### TASK
Exact reproduction is required for the lines below starting at the line with "Wild Flowers Valley" and ending at the line with "Spotted Nutcracker", both included. No other lines, and no pictures.

### DATA IN THIS EXERCISE
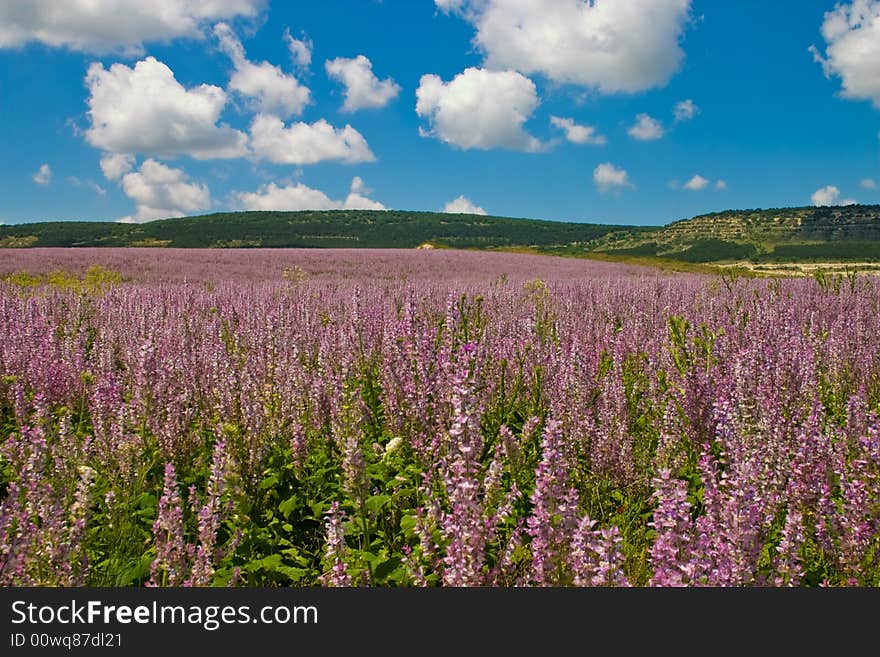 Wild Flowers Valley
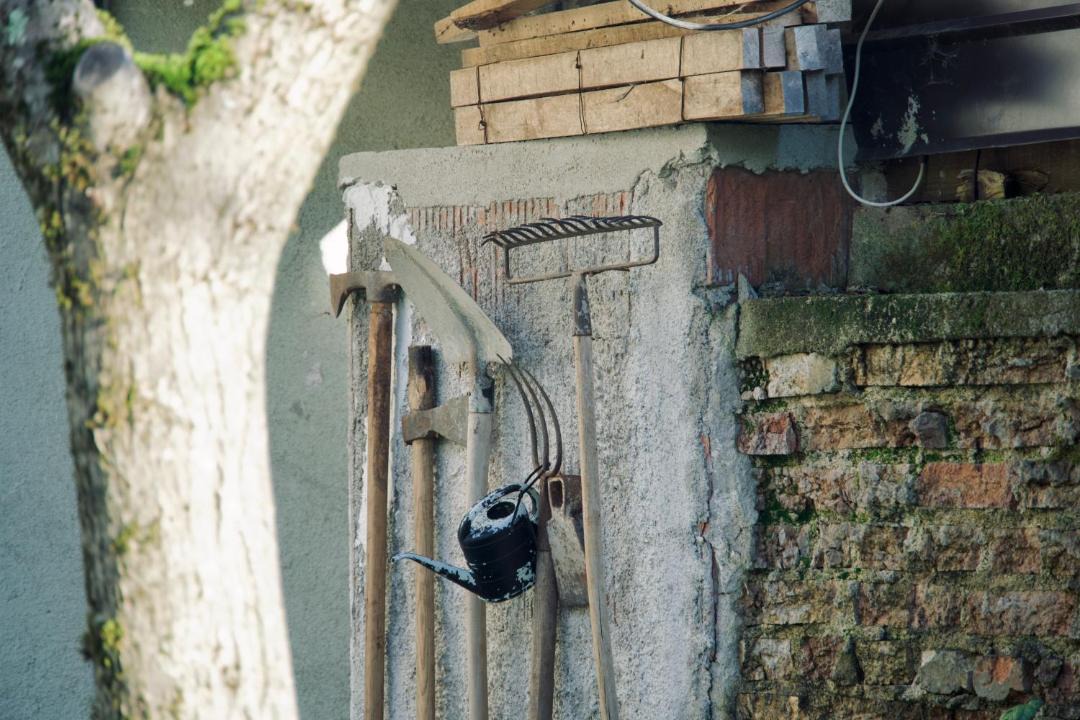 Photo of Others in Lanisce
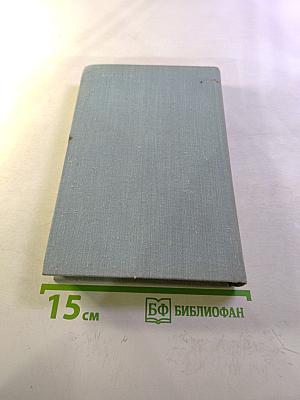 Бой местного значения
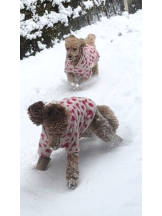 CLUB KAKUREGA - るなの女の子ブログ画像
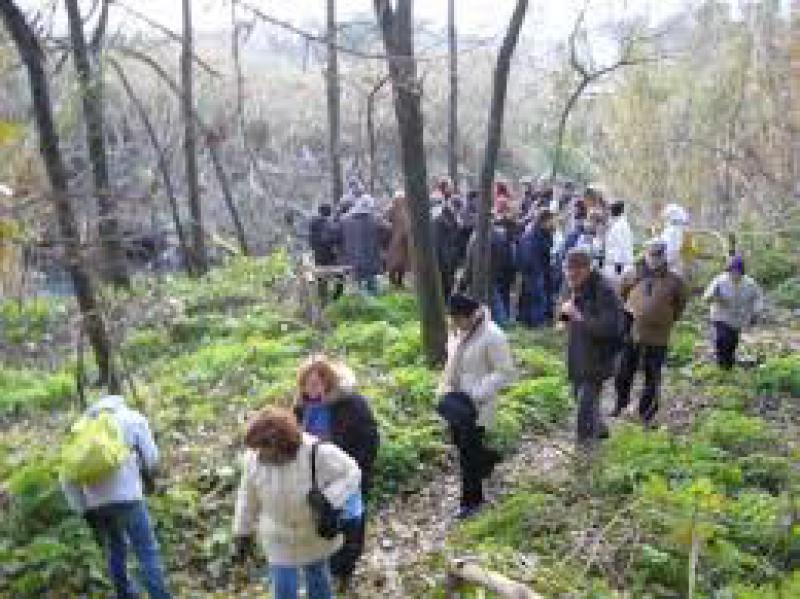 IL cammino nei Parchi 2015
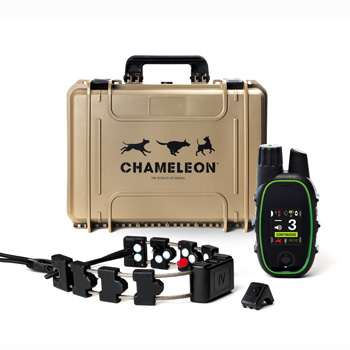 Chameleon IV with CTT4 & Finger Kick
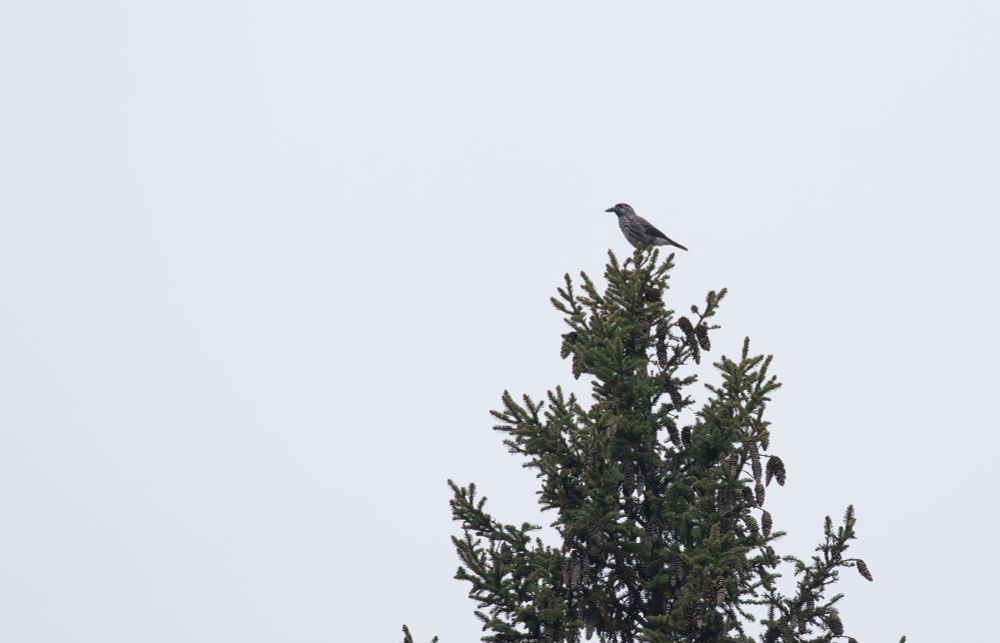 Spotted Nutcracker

* * *

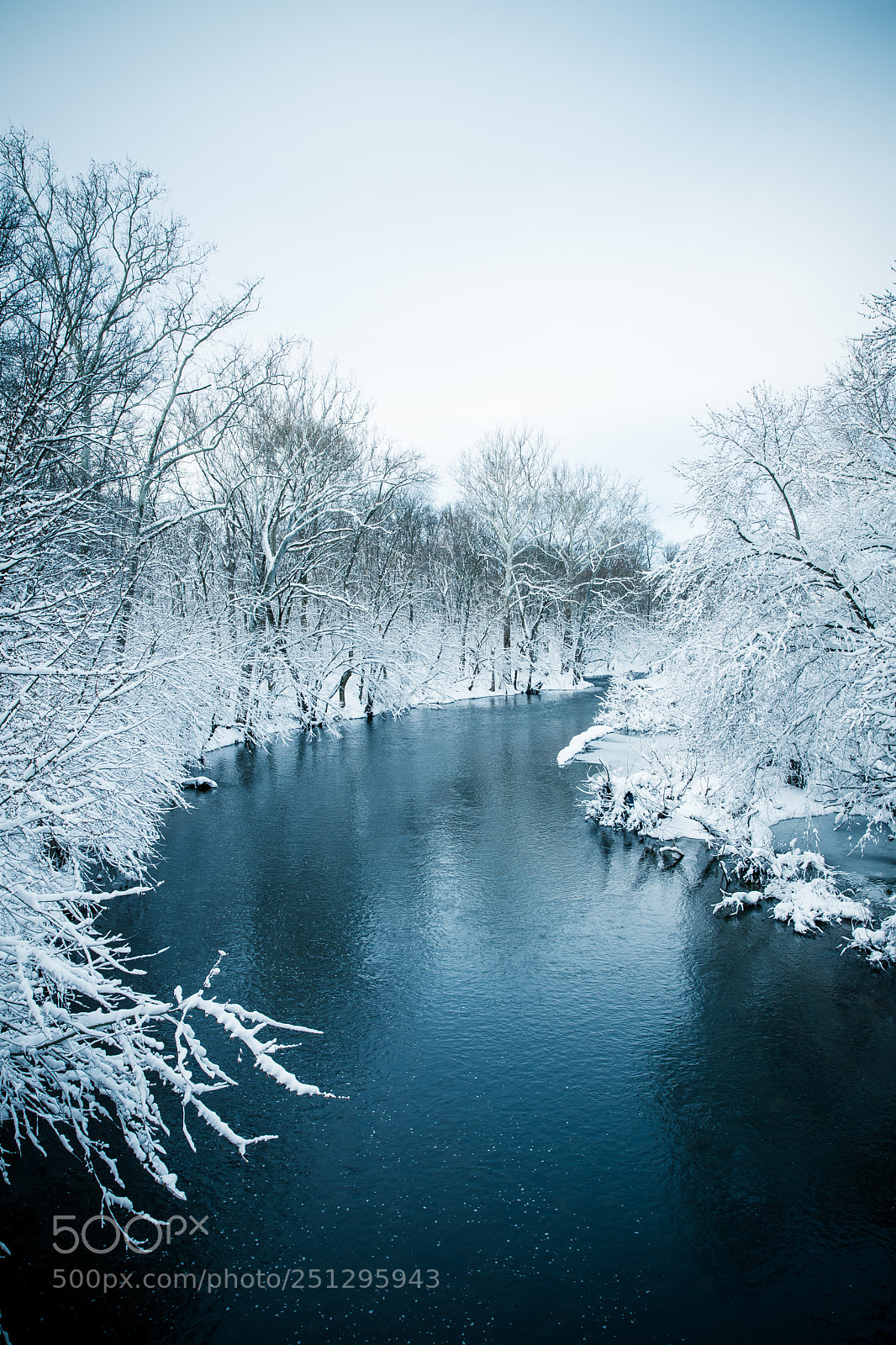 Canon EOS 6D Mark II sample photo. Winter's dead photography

==

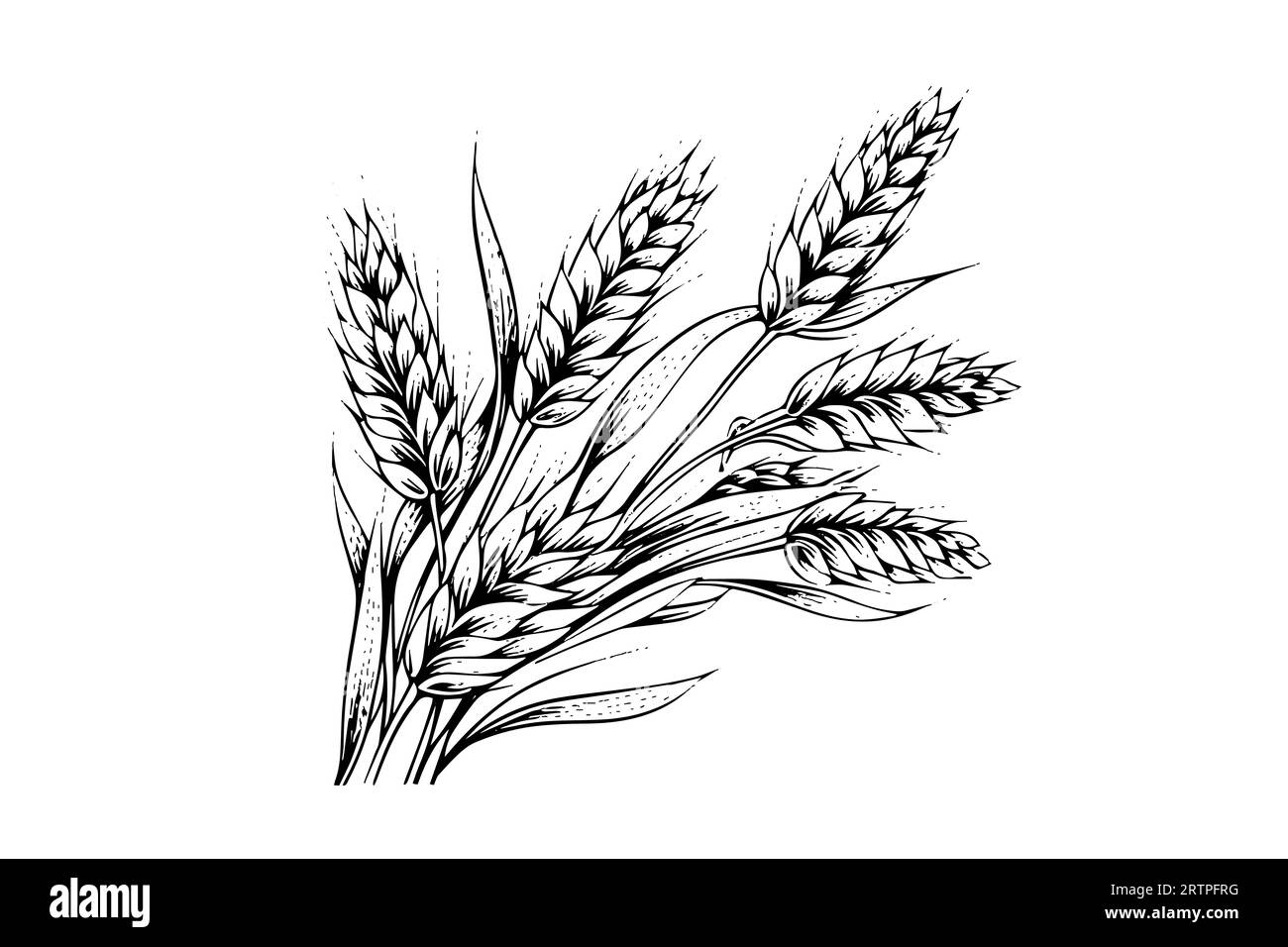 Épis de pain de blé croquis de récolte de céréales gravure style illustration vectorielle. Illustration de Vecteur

### RESULT FOR THIS TASK
 Wild Flowers Valley
 Photo of Others in Lanisce
 Бой местного значения
 CLUB KAKUREGA - るなの女の子ブログ画像
 IL cammino nei Parchi 2015
 Chameleon IV with CTT4 & Finger Kick
 Spotted Nutcracker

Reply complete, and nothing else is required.